- [Supplied data]
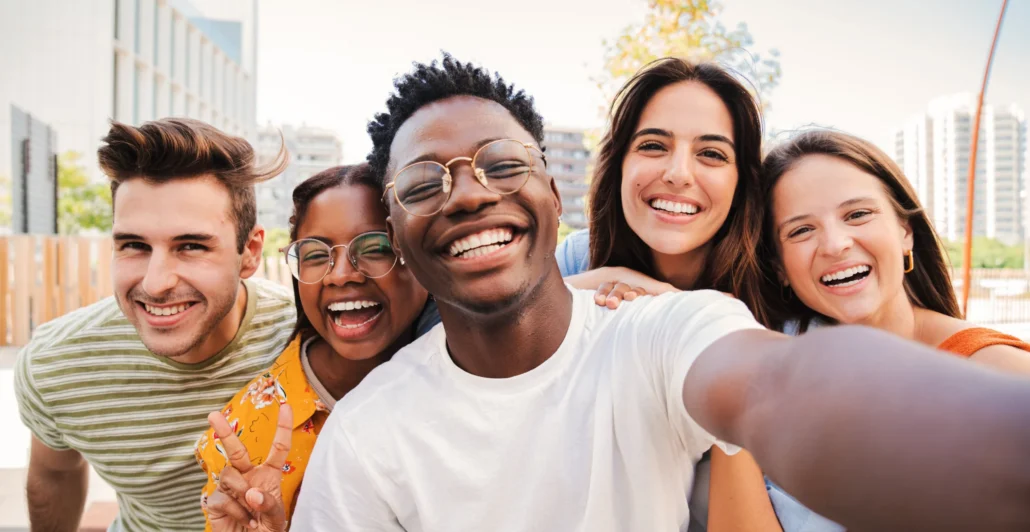Group of college students looking into camera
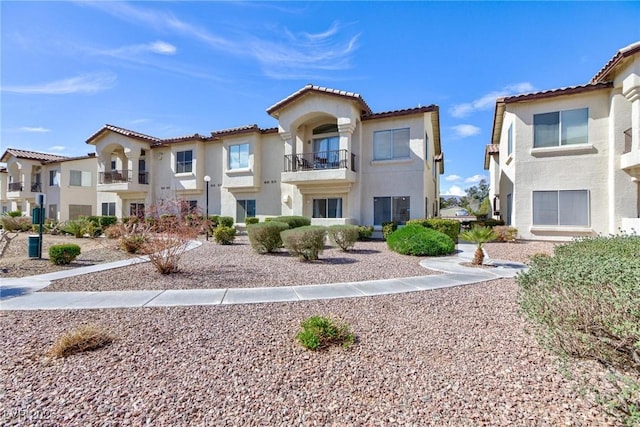 4820 Grey Wolf Ln Unit 101, Las Vegas, NV 89149 - mediterranean / spanish home with stucco siding, a residential view, a tile roof, and a balcony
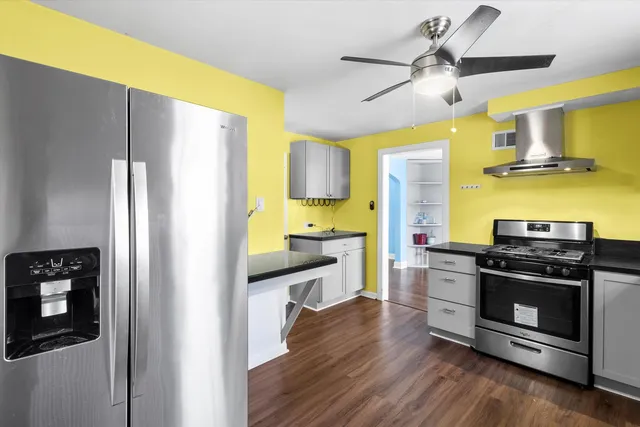 a kitchen with a refrigerator stove and a sink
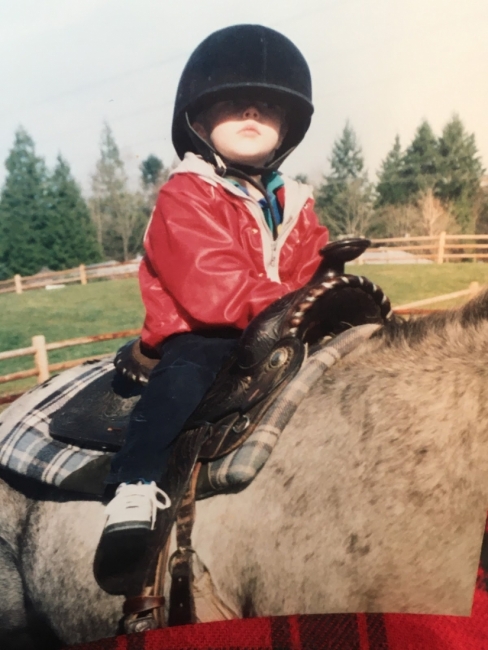 A child on a horse.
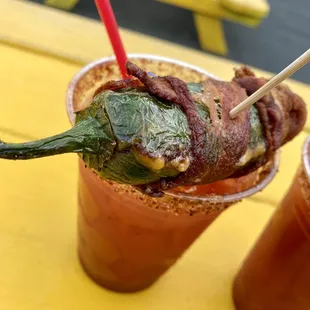 bacon wrapped in bacon on top of a bloody drink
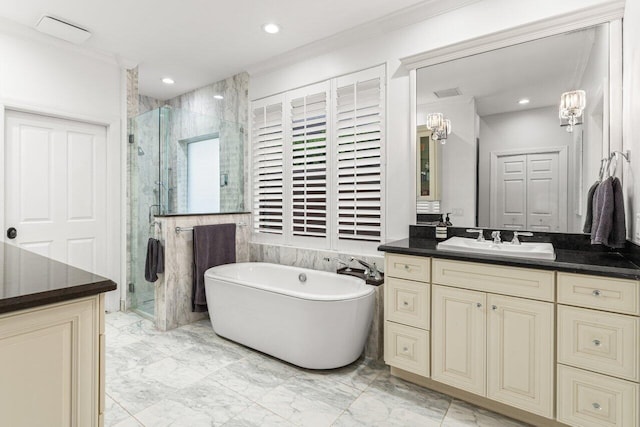 full bath featuring marble finish floor, ornamental molding, a shower stall, a freestanding bath, and vanity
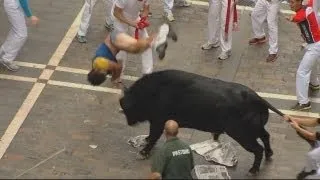 Excruciating moment a bull-runner gets gored at Pamplona in Spain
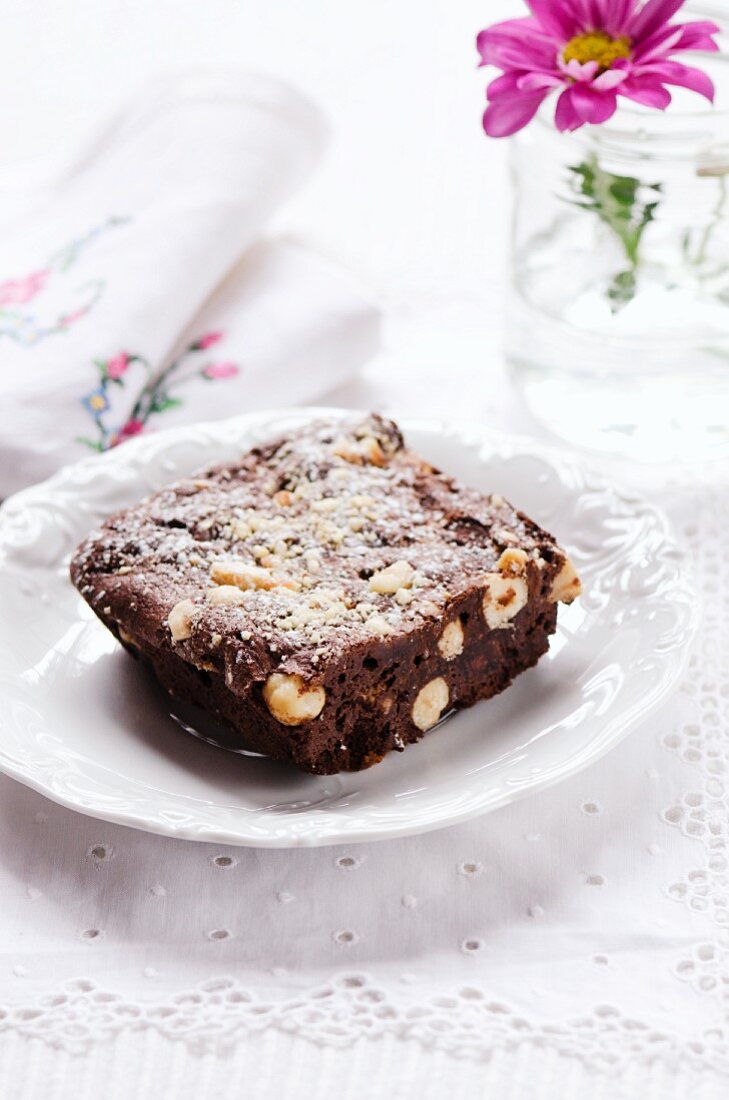 A brownie with nuts and icing sugar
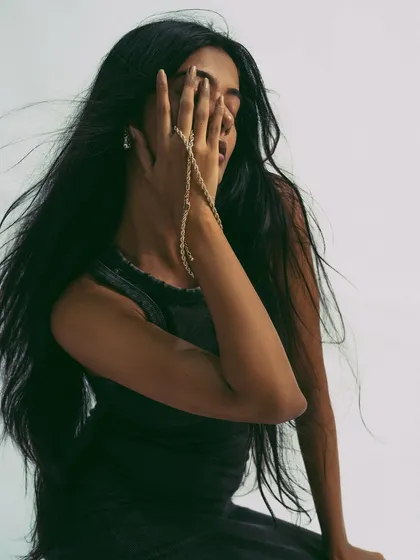 A similar shot, where the flowing hair partially obscures the face, creating a sense of mystery and artistry. It shows that hair can be used as a powerful compositional tool.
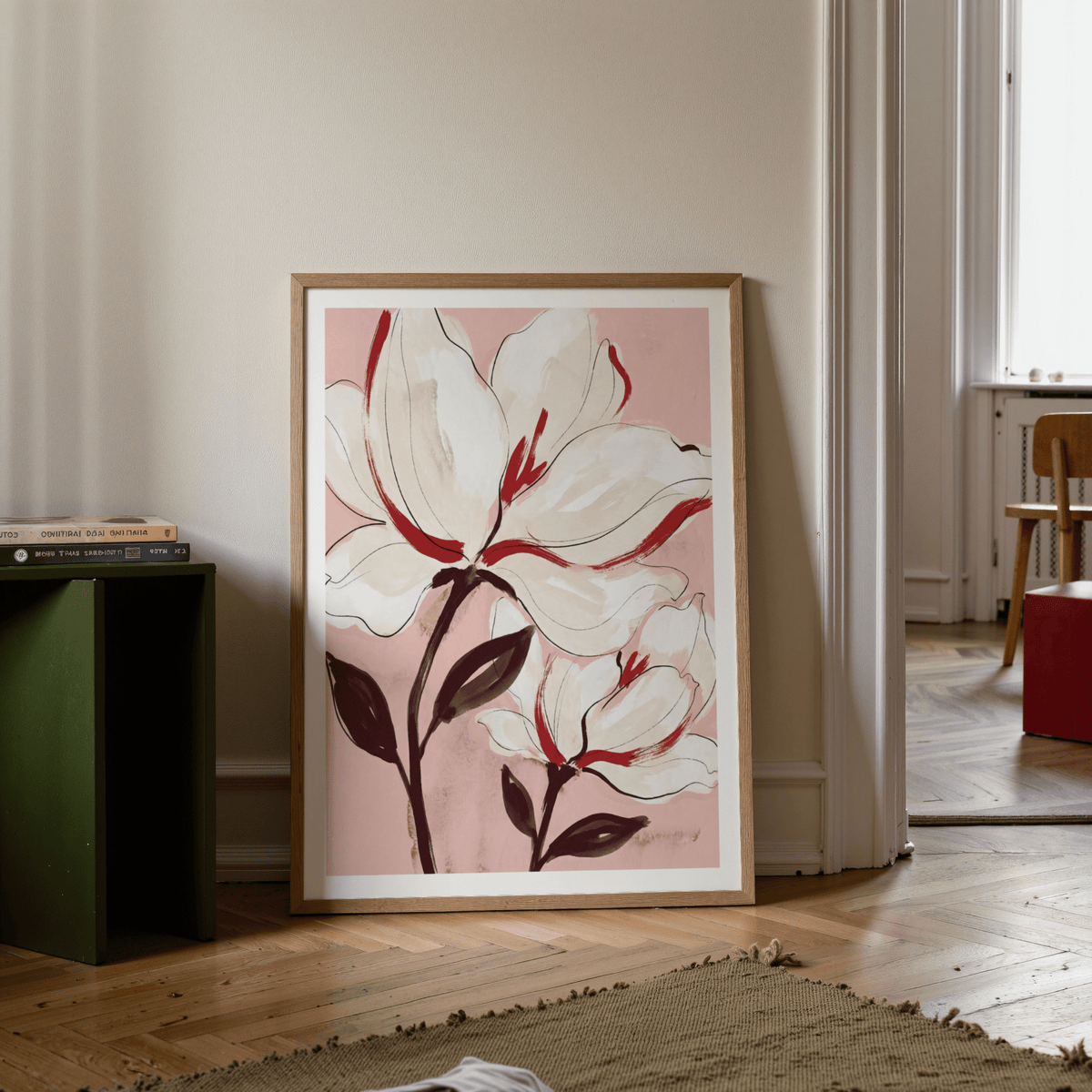 Flower print leaning on floor with white magnolia flowers in soft pink and red tones next to green stool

- [What to do]
Each line from the start of the entries through the line with "A child on a horse." is to be restated exactly, and the pictures are to be skipped.

- [Output of the exercise]
Group of college students looking into camera
 4820 Grey Wolf Ln Unit 101, Las Vegas, NV 89149 - mediterranean / spanish home with stucco siding, a residential view, a tile roof, and a balcony
 a kitchen with a refrigerator stove and a sink
 A child on a horse.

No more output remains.